Version 1.2.2 of “Hello Transcribe” is now on the App Store, and it has a dictation feature:

I did a lot of work in the background to understand the performance of the model and do real-time transcription, and for a long time it seemed that the TensorFlow Lite model will do the trick, but in the end I’m back with Whisper.cpp.

The important thing is I’ve laid the groundwork for supporting multi-lingual transcriptions and user-selectable accuracy/performance trade-off. More about that below.

The TensorFlow Lite detour

There is an implementation of Whisper for TensorFlow Lite, and I got it working on iOS. I wanted to compare the on-device performance of TFLite vs C++, and having more code in the Swift domain would be make things a lot simpler.
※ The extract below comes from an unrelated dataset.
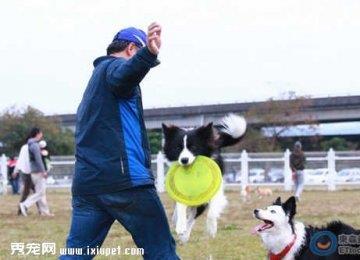 训练狗狗一定要打骂吗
Some of the things I did:

  1. Extracted the Mel Spectrogram step into Swift.
  2. Ported the token-to-word step to Swift.
  3. Tried to use accelerated FFT for the Mel Spectrogram step (I didn’t succeed).
  4. Tried CoreML acceleration but it didn’t work.

The performance of the “Tiny” model was about 100% faster in TFLite on-device, which was very promising (on my laptop TFLite is slower).
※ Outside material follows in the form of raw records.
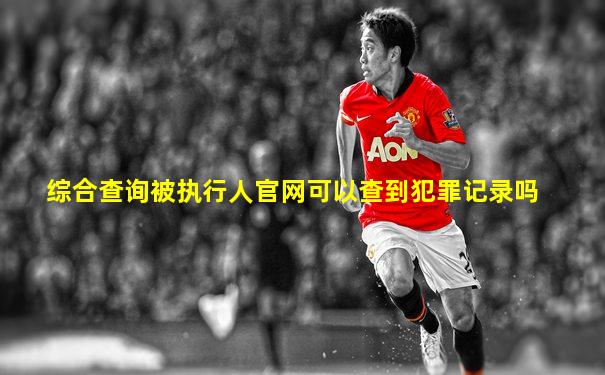综合查询被执行人官网可以查到犯罪记录吗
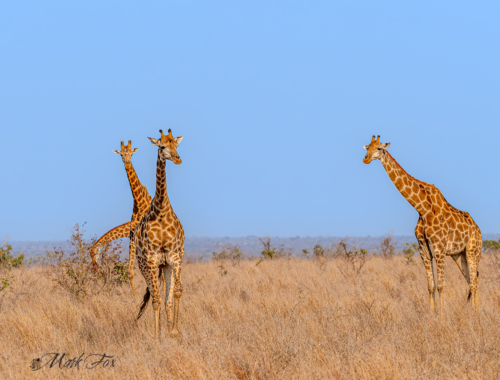 exploring kruger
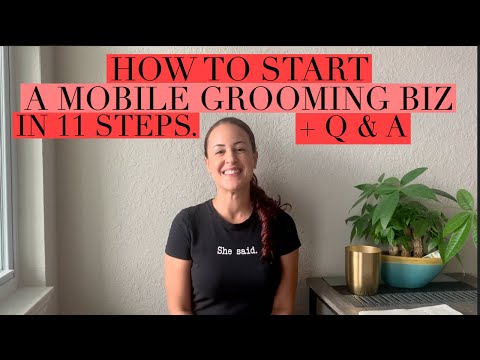 HOW I STARTED MY MOBILE GROOMING BUSINESS IN 11 STEPS + BONUS Q&A  🚐💨 🐶 🐱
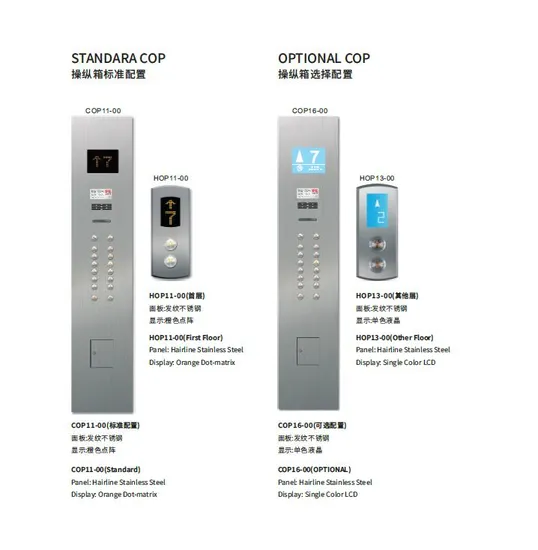 Ife High Quality Elevator Made in China Sightingseeing Elevators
I implemented the dictation feature using the TFLite model. However, I couldn’t get the multilingual models to work. Then by a stroke of luck I discovered there’s a compilation flag for Whisper.cpp that I didn’t know about which gets performance close to TFLite — about 10% slower. But all the models work, and it’s a LOT less opaque than TFLite so I can customize it to my requirements.

Coming soon - multilingual support, user-selectable models, transcription management.

I’m confident at this point of adding better support for multi-lingual transcriptions together with a user being able to choose which Whisper model to use. The bigger models are slower and bigger, but more accurate, and have better support for languages other than English. The Tiny model is already multi-lingual but a user can’t choose the output language.

The Whisper Paper has figures for WER scores for all supported languages and datasets, but here’s the results on LibreSpeech. On a mobile device up to “small” is practical:

WER on MLS

I’ll also add storage of transcriptions on your device and iCloud, so you have a history.

Payments

To support further development I’ll have to add payments, but the current functionality will remain free. What I’m thinking is charging $1 for 60mins of transcriptions as an in-app purchase. The “Tiny” model will remain free.

I’m very happy to add you to the list of Beta testers if you ask, which will give you everything for free if you agree to do some Beta testing.

If you have some feedback on this let me know at ben@bjnortier.com

Conclusion

In summary, version 1.2.2 is now available and it has real-time dictation.

Up next is user-selectable models, multi-lingual support, and payments.